What to do as an interpreter when the attorney makes a serious mistake.
November 11, 2013 § 7 Comments
Dear colleagues:
In the past we have discussed professional and ethical issues in the blog, but I don’t believe we have ever tackled anything as serious as the situation I will share with you today. This happened to me many years ago and made me think about my professional and ethical boundaries as a court interpreter.
It all started when I was hired by an attorney to interpret during a final decree of dissolution of marriage hearing. In other words, I was retained to interpret in court for a person who was getting a divorce. I had never worked with this attorney before (or since) but I had seen him many times at different courthouses running from one courtroom to the next. He was a general practitioner who spoke Spanish, advertised on TV, and had a lot of cases. He called me, we agreed on my fee, and we made an appointment to meet at the courthouse right outside the courtroom some thirty minutes before the hearing. I arrived first and about ten or fifteen minutes later the attorney showed up accompanied by his client. Again, keep in mind that the attorney spoke Spanish. After the introductions, I asked the client the standard questions I am sure you all ask when you just met the non-English speaker: full name (for spelling purposes because there are no grammar rules when it comes to a person’s name) country of origin (for accent, regional expressions, and general vocabulary) academic background (to assess the individual’s mastery of the target language) and general health-related questions (in case the person may have a special request due to hearing problems for example) He answered all these questions to my satisfaction, and added that he “…had already discussed everything with (his) lawyer…(and) …everything was clear and in order…” The attorney, who was present during the exchange, confirmed in Spanish everything his client said. It was going to be an easy assignment.

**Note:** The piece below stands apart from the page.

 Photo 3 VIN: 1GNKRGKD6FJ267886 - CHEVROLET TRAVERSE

When it was time for the hearing all three of us went inside the courtroom. As soon as I came in I noticed the court clerk, the court reporter, and the bailiff. I didn’t see the other party or her attorney. I asked my client about it, and he informed me that the other party was not going to appear. That she had been given notice by publication because she wasn’t at her last known address anymore, and that his client would probably be awarded sole custody of the children born to the marriage despite the fact that they were with the mother at an unknown location. This happens often, and I wasn’t complaining. The hearing was going to be even shorter. Boy I was glad I had successfully negotiated a generous minimum fee.

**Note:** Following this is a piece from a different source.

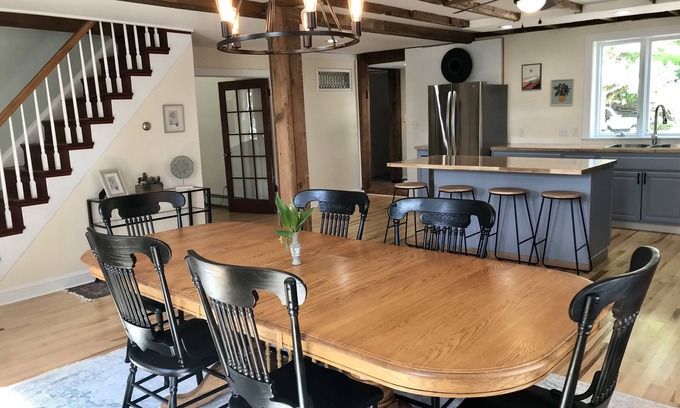 Town of Smyrna Other | The Farmhouse - 15 minutes from Colgate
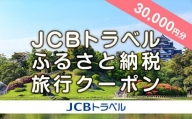 【岡山市】JCBトラベルふるさと納税旅行クーポン（30,000円分）※JCBカード会員限定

Next the judge came out and took the bench. The hearing started. After the bailiff called the caption of the case and my client and I entered our appearance on the record, the judge placed the Spanish speaker petitioner under oath and began questioning him. To my surprise, the petitioner told the judge that he and his wife had never lived together as a married couple in the United States. In fact, he told the court that his wife had never been to the U.S.
I looked at the judge and I saw that I wasn’t the only one in the courtroom that was shocked by the answers. The judge also learned that the petitioner had never paid child support to his children. Next the judge asked the petitioner when the last time he had known the respondent’s address was. The Spanish speaker said, and I interpreted, that although he didn’t know where his wife lived, he was pretty sure he could find out because her parents still lived at the same address they had lived at for over twenty years.

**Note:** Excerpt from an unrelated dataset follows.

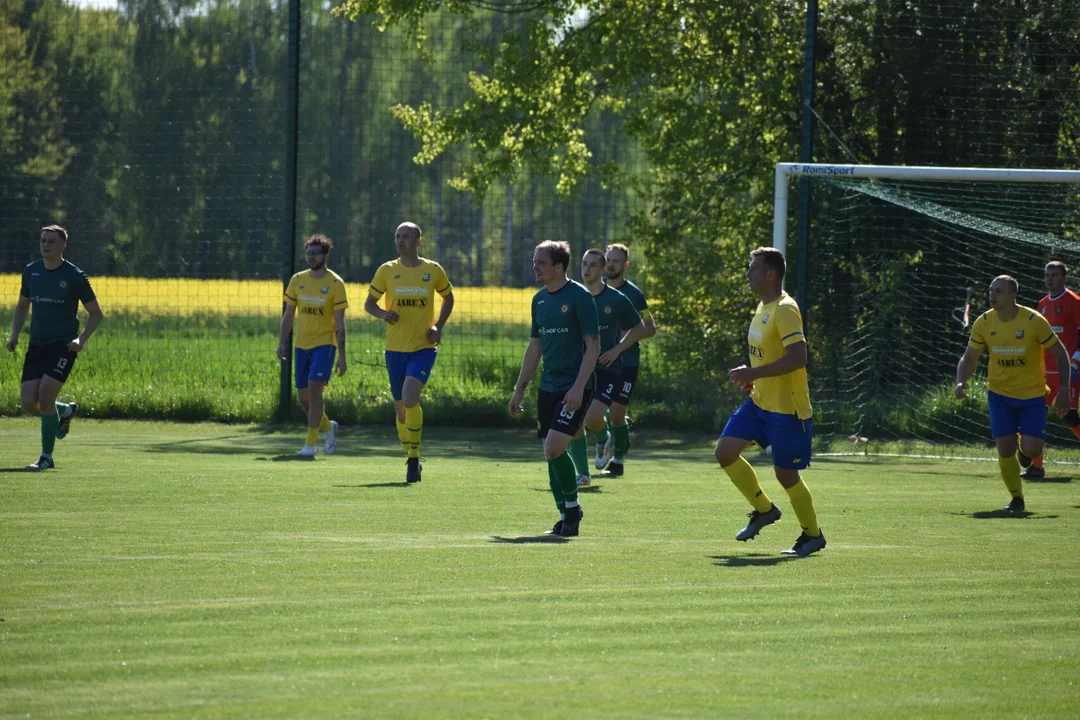 GSKS Leokadiów - LKS Poniatowa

With that, the judge shook his head. Looked at the attorney for a long time, and then said: “…I hereby dismiss this petition for dissolution of marriage due to lack of jurisdiction. For this court to be able to hear this case, at some point in time the parties had to live within the judicial district as a married couple; unless without having lived within the jurisdiction, both parties voluntarily consent to the jurisdiction of this court. None of these circumstances happened in this case…” As if this wasn’t enough, addressing the petitioner, the judge added: “…Sir, I have no doubt that your attorney will explain to you what just happened. He will also explain to you the following order: It is the order of the court that petitioner pay child support to his minor children according to the schedule applicable to this district. The child support payment will be retroactive to the time when petitioner ceased to live with the minors. I find that I have jurisdiction to enter this order because petitioner is a resident of the judicial district. Good luck Sir…” The judge got up and exited the courtroom. There was absolute silence. The Spanish speaker turned to his attorney and asked him what had just happened. He even remarked: “…I don’t think I am divorced yet…” His attorney asked him to step outside the courtroom. We all did.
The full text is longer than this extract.